Report all lines of the records that contain "media".

=== Begin Enclosure ===

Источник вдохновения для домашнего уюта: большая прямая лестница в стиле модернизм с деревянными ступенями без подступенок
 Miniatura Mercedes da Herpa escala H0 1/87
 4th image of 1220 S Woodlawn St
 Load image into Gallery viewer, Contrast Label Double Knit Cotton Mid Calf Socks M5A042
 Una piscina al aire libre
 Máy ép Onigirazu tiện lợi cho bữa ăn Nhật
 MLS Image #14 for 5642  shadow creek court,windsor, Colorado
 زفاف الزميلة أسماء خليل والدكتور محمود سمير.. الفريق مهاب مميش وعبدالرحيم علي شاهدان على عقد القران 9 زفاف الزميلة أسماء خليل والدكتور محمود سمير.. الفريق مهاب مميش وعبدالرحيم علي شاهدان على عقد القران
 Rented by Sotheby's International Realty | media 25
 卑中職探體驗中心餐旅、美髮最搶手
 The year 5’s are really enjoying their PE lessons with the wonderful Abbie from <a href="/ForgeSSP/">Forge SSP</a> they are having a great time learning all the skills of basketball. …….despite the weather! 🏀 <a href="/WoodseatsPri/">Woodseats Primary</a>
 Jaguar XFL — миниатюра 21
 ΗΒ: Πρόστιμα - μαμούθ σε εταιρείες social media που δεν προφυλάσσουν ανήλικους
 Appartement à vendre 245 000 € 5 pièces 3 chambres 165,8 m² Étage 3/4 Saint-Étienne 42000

=== End Enclosure ===

*Written solution*.
 Rented by Sotheby's International Realty | media 25
 ΗΒ: Πρόστιμα - μαμούθ σε εταιρείες social media που δεν προφυλάσσουν ανήλικους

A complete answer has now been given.